Years are down the left margin
Next columns are the prime factors for each year (helps to find early/late dates)
Followed by the earliest possible date
then the latest possible date for each year.
Finally a tally of the number of days between the two Magic Dates
I “looped” the gaps between dates to help keep track of what I was doing.
I only did the counting of gaps that looked promising.
The other side of the sheet has the years 27-55 and 96-00
Wow! That’s much more robust and thorough than my approach!
I guessed that there would be a 3 or 4 calendar year difference, say with 1 or 2 prime years and an invalid co-prime year in-between. A co-prime is the product of 2 primes, e.g. 43 and 2. I was lucky in spotting the 1097 days example since I started close to my real date of birth! I didn’t cover the whole century.
Yes, it was that string of three years 57, 58 and 59 where I noticed the first two were co-primes and the third was a Prime. And especially 58, with 29 and it not being a leap year. I had the 1097 for quite a while, but it took a bit of methodical work to ensure there weren’t any other similar combinations.
Nice teaser.
Three coins in the fountain … well, not exactly !
A table has 4 coins placed on it with two coins facing heads-up and two coins facing heads-down.

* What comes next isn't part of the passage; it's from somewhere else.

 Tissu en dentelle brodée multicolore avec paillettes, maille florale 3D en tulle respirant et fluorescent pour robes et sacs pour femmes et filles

You were previously blindfolded, and still are, so can’t see the coins.
How can you re-arrange the coins into two piles such that each pile has the same number of coins showing heads-up ?
I would add that the process isn’t limited to just 4 coins.

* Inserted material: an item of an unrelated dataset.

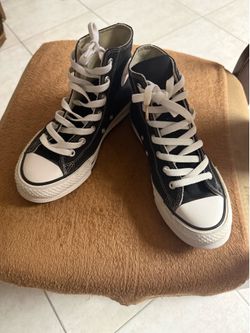 Converse size 4 Good Conditions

It should work with 40 coins (in other words, any multiple of 4 coins, I think) provided the starting point is that half the coins are heads-up and half the coins are heads-down.
I’ve only tried it up to 16 coins and it impresses the grandchildren 
You can do it with gloves on if they think you can feel the difference between heads/tails with your fingers - you don’t need to feel the difference.
Are you allowed to turn any coins over at any time?
Hi Steve, Yes.
You can turn as many coins over as you wish.
In that case, step1 is to split the coins into two pairs, then step2 is to take one of the pairs and turn both coins over.
Well done Steve, and nicely described !
As a party-piece with the grandchildren, I normally use 16 coins and wear a pair of gloves - they are convinced that I can feel heads and tails. Add in a few mumbo- jumbo words and, hey-presto …. they are amazed.
I like the idea of all the theatrics!
As an aside, I think it works for any even number of coins?
I think you are right Ravvie. Well, more accurately, you ARE right.
Never realised that until you pointed it out. Thank you.
All you have to do for this one, is find the numbers that fit the boxes.
Normal arithmetic, no tricks, just straight forward arithmetic. (or, if it helps, algebra !)
I make it that the solution involves non-integers.
that is what I found.
One of those that at first glance looks very easy. I tried to solve it in my head but eventually had to resort to equations 
Same story here Steve ….
I’ve filled up two pages of scrap paper with scribbles last night and now having respite care.
I know the feeling Mike !
I filled half a page with trial and error guesses, then opted for algebra. Even then, I had to work methodically.
But all came good in the end. Hope the respite care goes well
For the sake of completeness, my solutions were as follows. Top line 3.5 and 4.5. Second line 9.5 and 3.5.